The good news is that Uncle Do is out of the hospital and has been transferred to a posh rehab center owned by the Masons. Hopefully he'll get the corner room with the view again, with windows on two sides and no roommate. Maybe he'll be able to eat solid foods again, even if it's something junky like donuts. Donuts=hope. They might be all he needs to start feeling better.

Monday, December 1, 2008

Present vs. Future Tense

"The path is unchartered. It comes into existence moment by moment and at the same time drops away behind us."--Pema Chodron

One of my problems with staying in the "now" is the constant temptation to think about the future. The future used to be a series of events that got better and better, sweeter and sweeter, until everything was the way that I wanted it...I'd live in a spacious apartment in Manhattan (or Park Slope) with my family, I'd be a star employee at Random House and also a published writer, I'd be elegantly thin, well-dressed, and ageless and give memorable dinner parties for friends (memorable in a good way--not memorable because someone falls out a window.) Once I got everything perfect, it would remain so, like a picture of a fresh-faced child who in real time is almost 80.

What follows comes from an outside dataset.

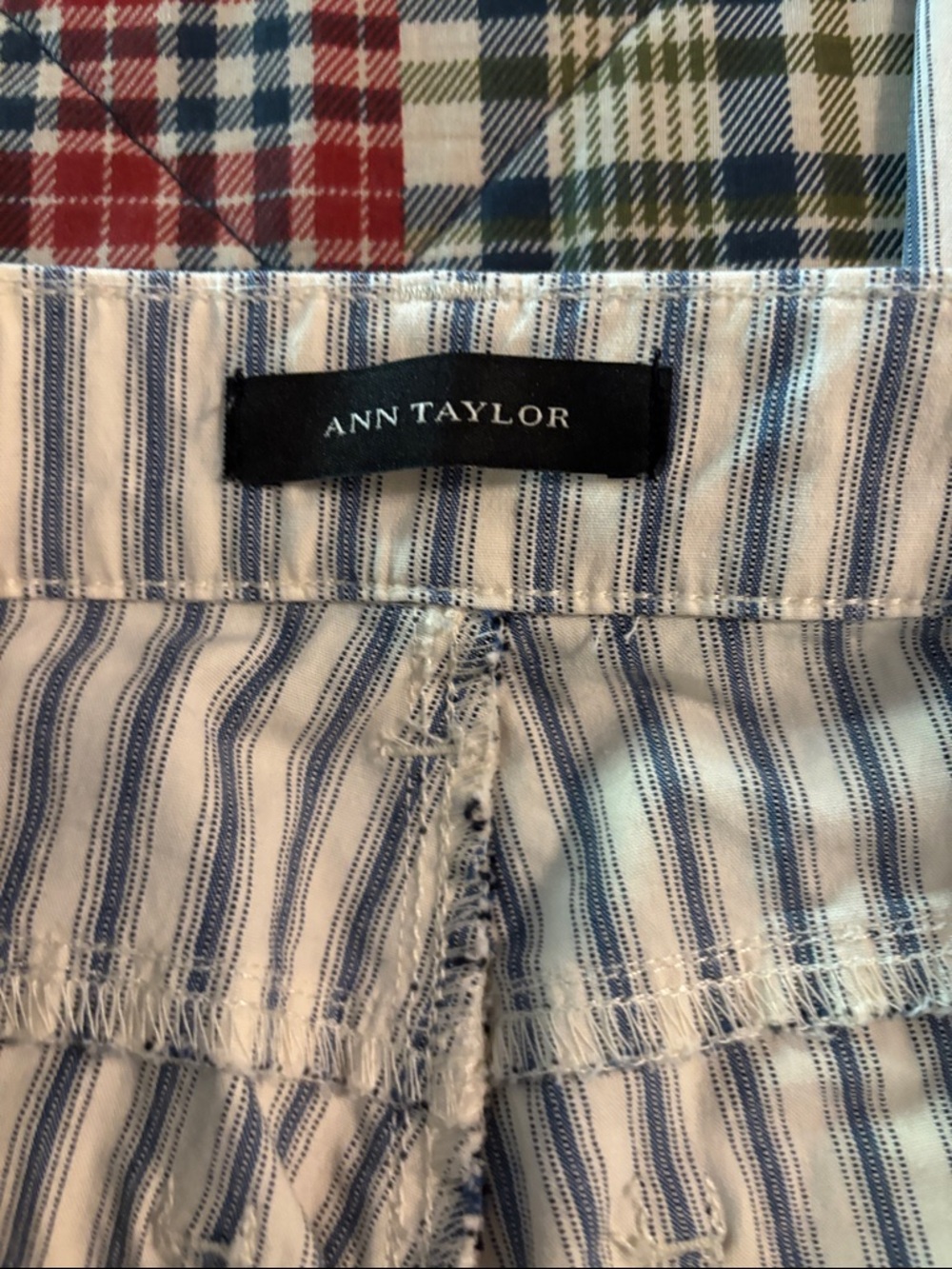 Ann Taylor Blue & White Striped ankle pants - Picture 2 of 5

I have some of these things, albeit in a slightly different form. I live in a modest but cozy apartment in a nice suburb of Boston, I've been working in book publishing for the last 12 years (and after three years of being employed by Random House, it wasn't the straight shot to stardom that I'd hoped for...more like a trudge through the muck of internet marketing. My former boss, however, did very well because he's an internet whiz and also scary smart), I'm thin-ish (but certainly not the stick figure I was in my twenties), and dress as well as I can under the advisement of my financial partner (re: my husband). I'd give dinner parties if we had room to seat six-eight people and if I had any friends in Boston to invite (still working on gets harder to make good friends when you're in your thirties with no children to take to the playground where the other mid-thirties women flock and chat.)

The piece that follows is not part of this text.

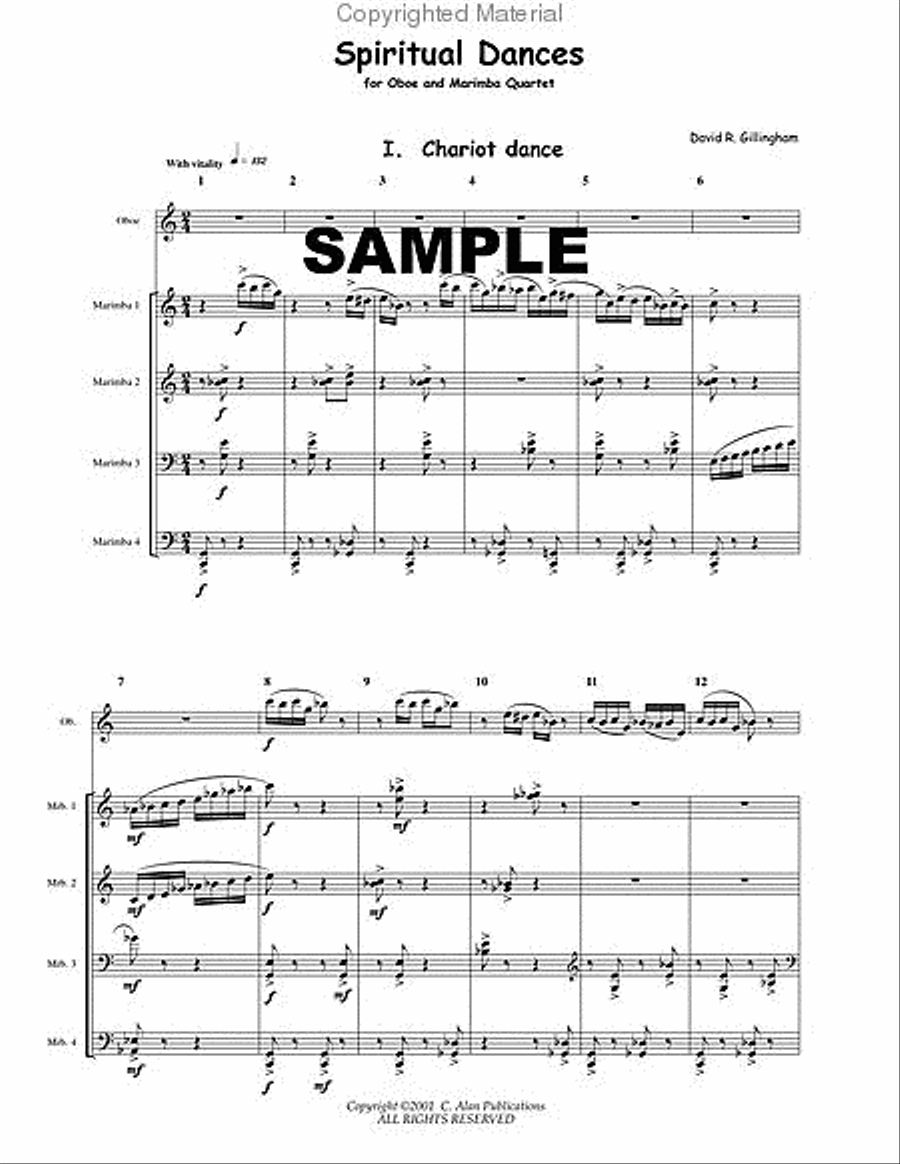 Spiritual Dances Percussion Ensemble scores gallery preview page 2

Actually, I was going to write how the future didn't end up the way I had wished, but typing this, I realize that its come darn close. How many people become exactly like their ideal self, with all the ideal trappings? And if they did, isn't that kind of boring? In my ideal scenario I imagine paying many thousands of dollars a month on the mortgage for that deluxe apartment in the sky, being harried from working long hours at Random House and dealing with office politics. I'd forever be dieting and getting plastic surgery to maintain the look of a 25 year-old me, and I'd constantly feel pressured to impress people with bigger and better dinner parties (More, larger shrimp! Rodin ice sculptures! Different china for every party! Live flamenco music!) Be careful what you wish for...

I think it's probably better not to know (or carefully plan) the future. It's a lot more fun to see how things turn out (never as well or as badly as you anticipated). I have to remind myself of this all the time. Otherwise, I sit in the corner, biting my cuticles and worrying about losing something I have or gaining something I don't want! I realize that life is a series of gaining and losing, growing and outgrowing, and that's that.

All we really have is the present moment--everything else is a dream.